In August 2022, the Reserve Bank of India (RBI) issued a press release announcing the partial implementation of the recommendations of its working group on digital lending. Among the proposals made by the working group that still remained for the RBI’s further consideration was that on first loss default guarantees (FLDG). From the publicity this recommendation generated, it was apparent that the provision of FLDGs is one of the cornerstones of the fintech ecosystem. There was much anxiety within the sector as to how tightly FLDGs would ultimately be regulated.
An FLDG is where a technology platform provider gives a partial guarantee to support the loans referred by it to an RBI-regulated entity (RE). FLDG arrangements can also exist between two REs, and are not limited to those between an RE and a non-RE. There had been some consternation in the fintech and the lending sectors as the RBI’s September 2022 initial guidelines on digital lending equated the providing of an FLDG with a synthetic securitisation. This is a structure whereby the credit risk of a loan or a pool of loans is transferred, in whole or in part, by way of credit guarantees or credit derivatives. The RBI recently issued further guidance on 8 June 2023 on default loss guarantees (DLG) in digital lending.
The June 2023 circular clarifies that DLGs adhering to its provisions will not be treated as either synthetic securitisation or as loan participations. The latter are structures where the economic interest in a loan is transferred without the actual loan being transferred. The circular applies to all commercial banks and all non-banking financial companies. A DLG is now defined in the circular as a contractual arrangement between an RE and any other entity that complies with the criteria prescribed in the circular, where such entity agrees to compensate the RE for any losses in a loan portfolio up to a pre-agreed limit. An RE may enter into a DLG only with another RE or a lending service provider (LSP) incorporated under the Companies Act, 2013, with which it has entered into a lending services outsourcing arrangement.

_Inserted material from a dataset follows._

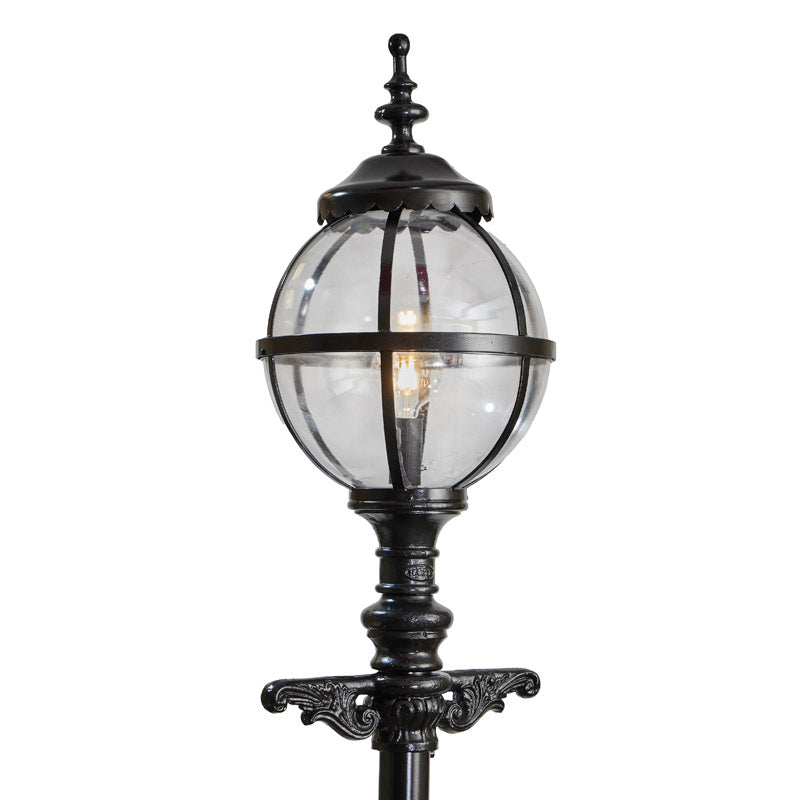 Victorian globe lamp post in cast iron 3.6m (H201)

A DLG must be backed by an explicit, legally enforceable contract between the RE and the DLG provider. The DLG contract must specify the form of the DLG, how the DLG cover is maintained by the RE, the extent of the DLG cover, the timeline for invoking the DLG and the further disclosure requirements specified in the June 2023 circular. DLG can only be provided in the form of cash deposited with the RE; fixed deposits maintained with a scheduled commercial bank marked with a lien in favour of the RE, or a bank guarantee in favour of the RE.
The term of a DLG must not be shorter than the maturity of the loan portfolio for which the DLG has been provided. The cover provided under a DLG must not exceed 5% of the loan portfolio in respect of which the DLG has been provided. An RE must invoke a DLG within a maximum period of 120 days from the date the loan becomes overdue, unless the amount due has been discharged by the borrower.
An RE retains the responsibility for recognising individual loans underlying a DLG in accordance with the prudential requirements applicable to them, such as non-performing assets, and for providing for such loans. Recovery from any loan for which a DLG has been invoked may be shared with the LSP in accordance with the contractual arrangement between the RE and the LSP. Interestingly, the June 2023 circular specifies that the amount of a DLG invoked “shall not be set off against the underlying individual loans”. The reason behind this provision is not clear, considering that the amounts invoked in respect of a DLG for a loan would reduce the outstanding balance in respect of such loan.
That the RBI has provided guidance on DLG arrangements is welcome, and provides much-needed clarity on the validity of such arrangements. Prior to the issue of this guidance, DLG arrangements that REs entered into were subject to uncertainty and speculation. It is interesting to note that the tone of the guidance provided by the RBI implies it has set out what it believes is an initial level of regulation. It would seem that for the time being, the regulator has decided to encourage and to foster the industry rather than to shackle it with cumbersome regulation.